Please explain how God rested on the 7th
creative day.
Jehovah God rested his work of creation, ceased to prosecute it, because
in his wisdom he foresaw that his designs could best be executed by another means. God saw
best to permit his creature Adam to exercise his free will and fall under temptation into
sin and its legitimate penalty, death--including a long period, 6,000 years of dying and
battling, as a convict, with evil environment. <47> God
saw best to permit him thus as a convict to do a part of the subduing of the earth; that
to bring it as a whole toward its foretold Paradisaic condition would be profitable to man
under the circumstances; that it would be expedient that man realize the principles
underlying divine righteousness and the exceeding sinfulness of sin, and be thus prepared
for the grace to be brought to the world in due time.
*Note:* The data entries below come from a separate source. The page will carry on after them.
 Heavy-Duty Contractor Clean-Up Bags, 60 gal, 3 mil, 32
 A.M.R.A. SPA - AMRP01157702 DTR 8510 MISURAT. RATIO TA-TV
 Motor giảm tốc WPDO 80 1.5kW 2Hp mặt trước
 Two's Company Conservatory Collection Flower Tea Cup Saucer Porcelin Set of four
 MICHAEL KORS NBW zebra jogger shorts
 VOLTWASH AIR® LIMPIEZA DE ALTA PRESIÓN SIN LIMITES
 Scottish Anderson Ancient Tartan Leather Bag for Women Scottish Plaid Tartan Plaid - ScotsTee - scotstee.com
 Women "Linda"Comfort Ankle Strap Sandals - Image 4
However, one of the chief reasons for Jehovah's cessation of the creative work undoubtedly was that it might be accomplished by another--by his Only Begotten--in a manner that would not only glorify the Son, but glorify the Father also, by displaying the perfections of the Divine attributes as no other course could do. This was by the giving of his Son to be man's redeemer--an exhibition not only of Divine Justice, which could by no means violate the decree that "the wages of sin is death," but which simultaneously illustrated Divine Love--compassion for his fallen creatures to the extent of the death of his Son on man's behalf. Divine Wisdom and Power will also ultimately be exhibited in every feature of the arrangement when completed.
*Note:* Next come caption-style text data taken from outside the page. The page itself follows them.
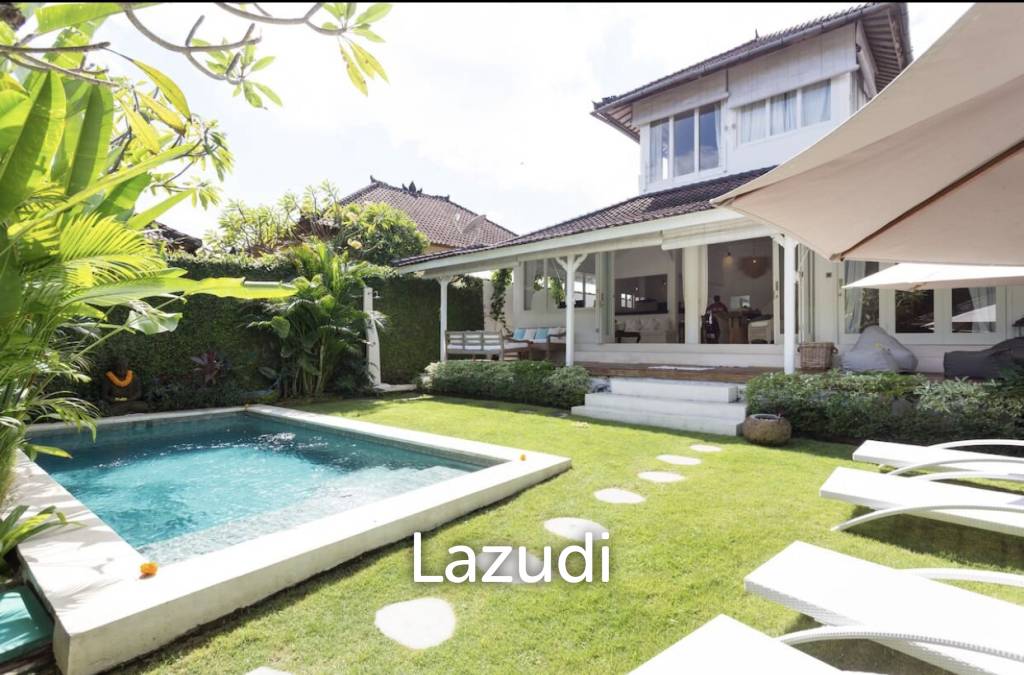 Colonial Investment villa in Petitenget 3 bedrooms Semi Furnished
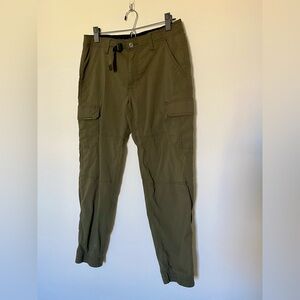 Prana Men's Olive Cargo Pants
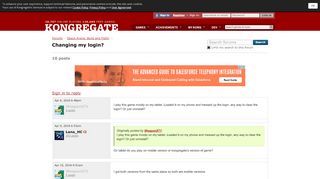 
                            8. Changing my login? discussion on Kongregate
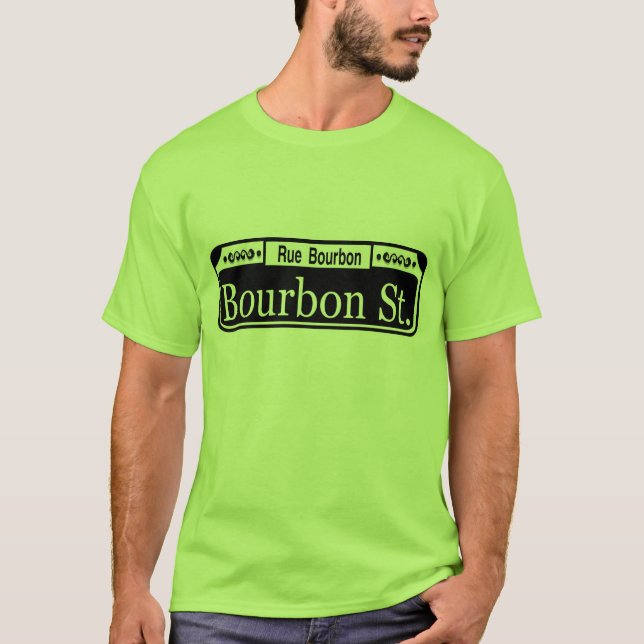 Bourbon St French Quarter T-Shirt (Front)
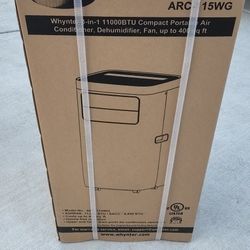 Whynter Compact Size 11,000 Btu Portable AC Air Conditioner And Dehumidifier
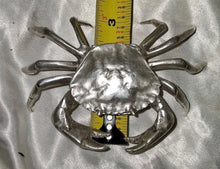 Load image into Gallery viewer, Vintage Silver Plated Crab Salt Cellar Trinket Box Jewelry
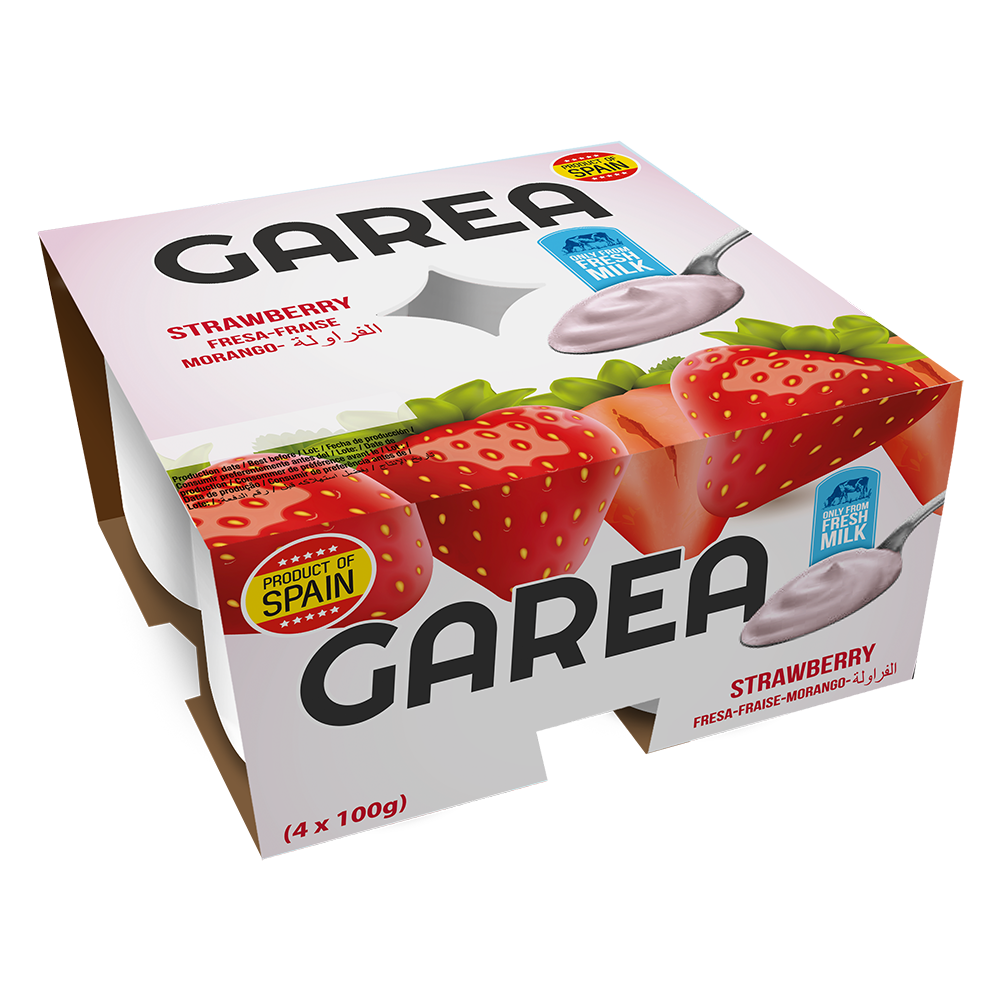 Йогурт GAREA 4x100 г клубника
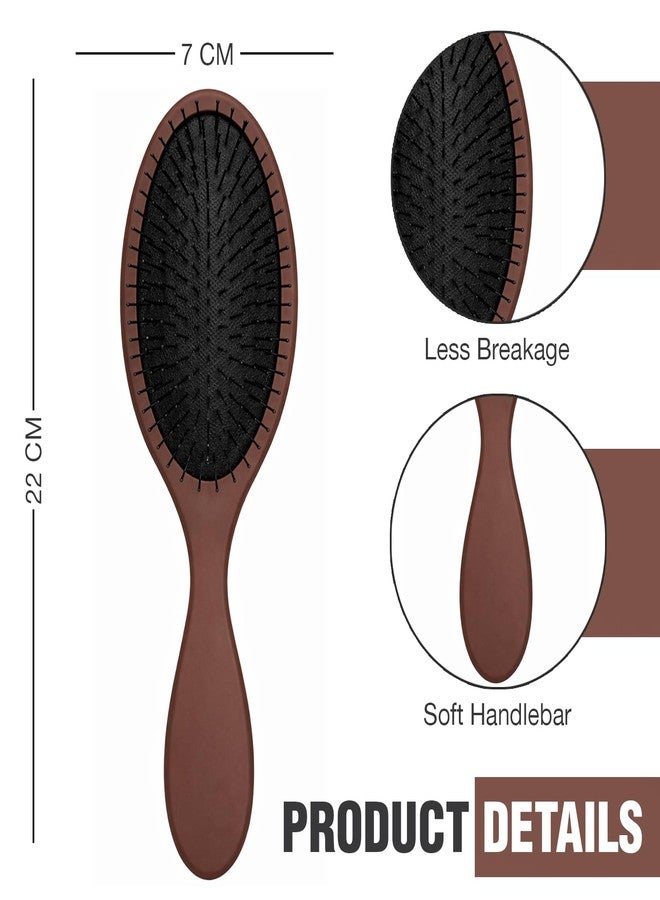 Lyrovo Original Detangler Hair Brush, Black Frost - Ultra-Soft IntelliFlex Bristles - Detangling Brush Glides Through Tangles For All Hair Types (Wet Dry & Damaged Hair) - Women & Men (Coffee) - Image 3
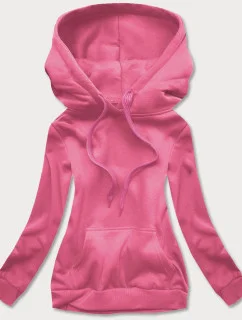 Tmavo ružová dámska tepláková mikina (W02-19)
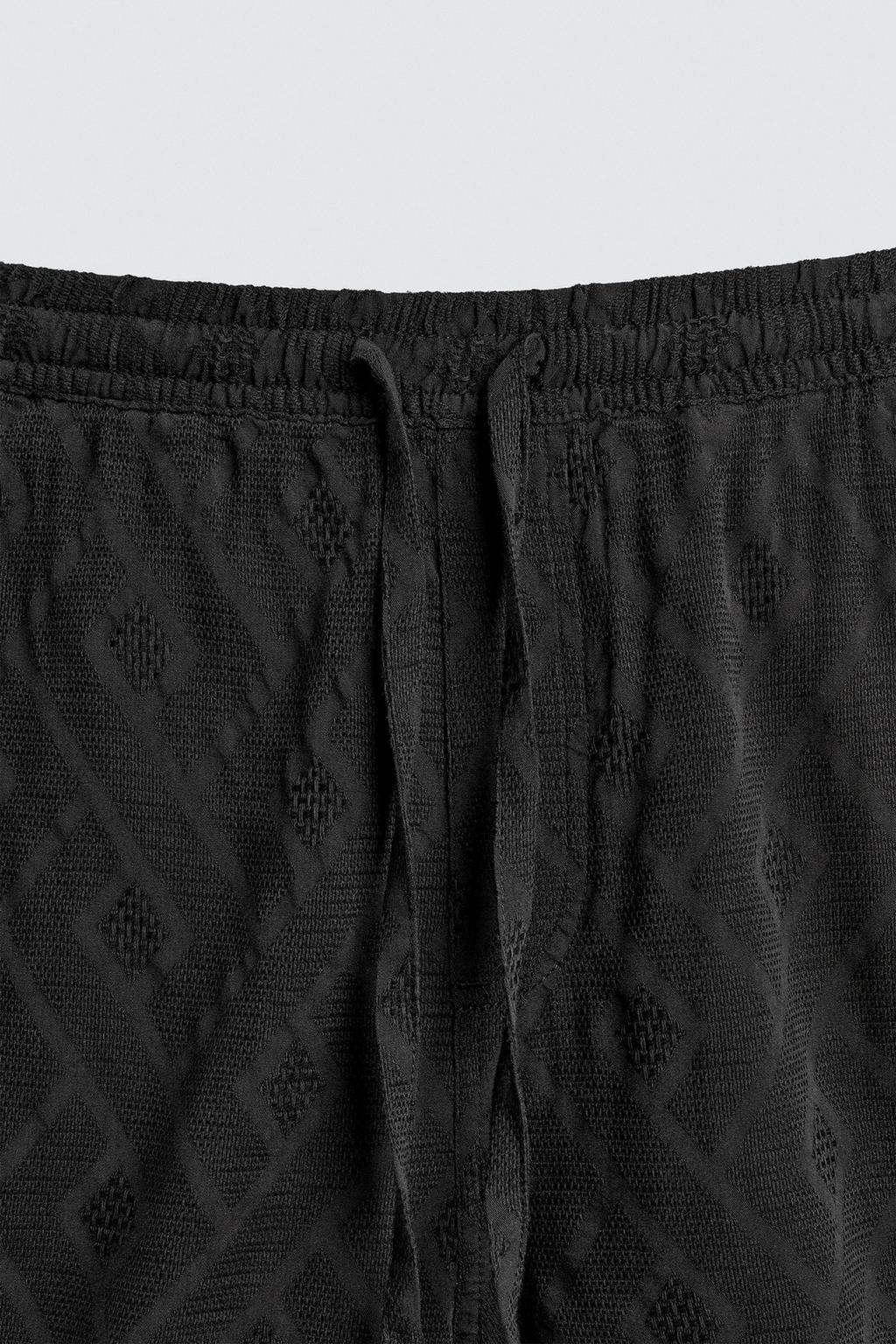 Бермуды с геометрическим жаккардовым узором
It may be suggested that for the Father to desist from the perfecting of the creative plan in order that the Son might do this work during the Millennium, by processes of restitution, would be no different from the previous creative operations, all of which were of the Father and by the Son-- without whom was not anything made that was made. But we answer, No. The relationship of the Son to the work of restitution with which this Seventh Epoch-Day will close and bring terrestrial perfection, will be wholly different from any of his previous works. In all the previous creations the Son simply acted for Jehovah, using powers and energies not in any sense his own; but in this grand work to come he will be using a power and authority that are his own--which cost him 34 years of humiliation, culminating in his crucifixion. By that transaction, which the Father's wisdom and love planned for him, he "bought" the world, bought Father Adam and all his progeny, and his estate-- the earth--with all his title to it as its monarch "in the likeness of God." The Father delighted to honor the "First Begotten," and therefore planned it thus, and rested, or ceased from creative processes, that the Son might thus honor him and be honored by him.
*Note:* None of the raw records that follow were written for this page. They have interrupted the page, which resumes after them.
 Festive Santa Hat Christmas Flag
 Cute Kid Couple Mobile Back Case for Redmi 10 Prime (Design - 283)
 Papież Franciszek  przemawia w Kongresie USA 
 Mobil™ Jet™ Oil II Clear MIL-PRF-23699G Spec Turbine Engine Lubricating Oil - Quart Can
God rested, not in the sense of recuperating from weariness, but in the sense of ceasing to create. He beheld the ruin and fall of his noblest earthly creation through sin, yet put forth no power to stay the course of the death sentence and started no restitutional procedures. Indeed, by the law which he imposed, he precluded any opportunity for his exercise of mercy and clemency toward Adam and his race, except through a ransomer. The penalty being death, and that without limit--everlasting death, "everlasting destruction" --and it being impossible for God to lie, impossible for the Supreme Judge of the universe to reverse his own righteous decree, it was thus rendered impossible for the Creator to become directly the restorer of the race, or in any sense or degree to continue his creative work in the condemned man or in his estate, the earth.